Much of the bands’ evidence is based on e-mail correspondence, although that’s not considered admissible in court unless both parties agree that it can be submitted. Eckmecki & Karakus, TicketTurk’s lawyers, are showing no signs of agreeing.
"There is no agreement signed between the authorized persons of our client TicketTurk and Garbage and Megadeth groups, and there is no written declaration of guarantee which may be deemed valid pursuant to the Turkish laws," Dogan Karakus wrote to Pollstar May 22.
The next hearing in the Megadeth case is due at the Asliye Ticaret Mahkemesi (commercial court) on June 14.
Because it no longer has such strict government controls on foreign companies wanting to invest or expand, Turkey has become an easier place to do business.
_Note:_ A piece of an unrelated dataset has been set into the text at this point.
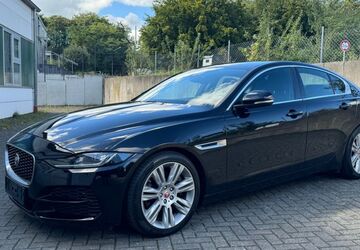 Jaguar XE 54.756 km 23.790 &euro; Wettenberg 35435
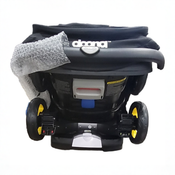 Shop Doona Infant Car Seat & Stroller Combo, 2025, Nitro black at GoodBuy Gear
However, 2007 ticket sales are down on previous years. Many promoters are blaming current political unrest, which has led to protests in the streets over the way the next president is chosen, although the same promoters admit having trouble explaining why there should be any direct correlation between politics and ticket sales.
Turkey’s a huge market and growing fast. A 2005 survey had the population at 72.6 million and expanding at 1.5 percent per annum.
It’s arguably a decade away from full membership of the European Union, but it’s expected to have an 80 million-plus population and be the biggest member state – about level with Germany – by the time it does join.
It’s also a relatively young population, with 25.5 percent falling within the 0-15 age bracket.
As for Spain, where CTS will also find Ticketmaster waiting, it’s hard to see Schulenberg looking beyond the Caixa Bank-owned Servi Ticket.
Along with Tick Tack, which the U.S.-based giant acquired a year ago, it dominates the contemporary music market and the two companies share the major promoters. Gay Mercader’s Gamerco, now part of Live Nation, is a Servi customer, while Neo Sala’s Doctor Music uses Tick Tack.
CTS has no problems funding expansion, largely because of a few years’ worth of solid returns and an Internet ticketing business that’s grown 50 percent since last year.
First quarter figures show the company’s portals shifted 1.5 million tickets between January 1 and March 31, compared with the 1 million it did 12 months ago.
The market is hardly likely to balk at the fact year-on-year revenues and earnings are down as last year’s figures were boosted by ticket sales for the 2006 World Cup soccer.
Both are down by more than one-third, with income dropping from euro 88.1 million to euro 73.5 million and pre-tax profits (EBIT) falling from euro 16.9 million to euro 10.5 million.
Although its live entertainment sector, the six-promoter Medusa Group comprising Argo Konzerte, Dirk Becker Entertainment, FKP Scorpio, Marek Lieberberg, Peter Rieger and Dieter Semmelmann’s Semmel Concerts, made 36.5 percent less than it did last year, it was still the second-best Q1 figure it had achieved since the company went public in February 2000.
Revenues were down 8.1 percent from euro 61.7 million to 56.7 million, while EBIT fell from euro 8.4 million to euro 5.4 million.